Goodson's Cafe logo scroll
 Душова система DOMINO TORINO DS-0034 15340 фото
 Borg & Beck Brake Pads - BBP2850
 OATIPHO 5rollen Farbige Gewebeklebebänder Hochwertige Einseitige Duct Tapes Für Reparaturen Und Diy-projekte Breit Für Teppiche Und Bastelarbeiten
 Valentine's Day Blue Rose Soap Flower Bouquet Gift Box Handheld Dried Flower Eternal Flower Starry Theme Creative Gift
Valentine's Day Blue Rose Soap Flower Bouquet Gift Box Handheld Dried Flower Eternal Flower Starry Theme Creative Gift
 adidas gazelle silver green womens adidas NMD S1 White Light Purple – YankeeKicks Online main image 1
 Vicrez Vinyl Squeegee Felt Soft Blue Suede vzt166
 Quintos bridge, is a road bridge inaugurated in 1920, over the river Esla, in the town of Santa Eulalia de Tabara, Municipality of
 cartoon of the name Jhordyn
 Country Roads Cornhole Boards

**ACTIVITY**
From the data above, gather every line that includes the word "Handheld".

**OUTPUT FOR THIS TASK**
 Valentine's Day Blue Rose Soap Flower Bouquet Gift Box Handheld Dried Flower Eternal Flower Starry Theme Creative Gift
Valentine's Day Blue Rose Soap Flower Bouquet Gift Box Handheld Dried Flower Eternal Flower Starry Theme Creative Gift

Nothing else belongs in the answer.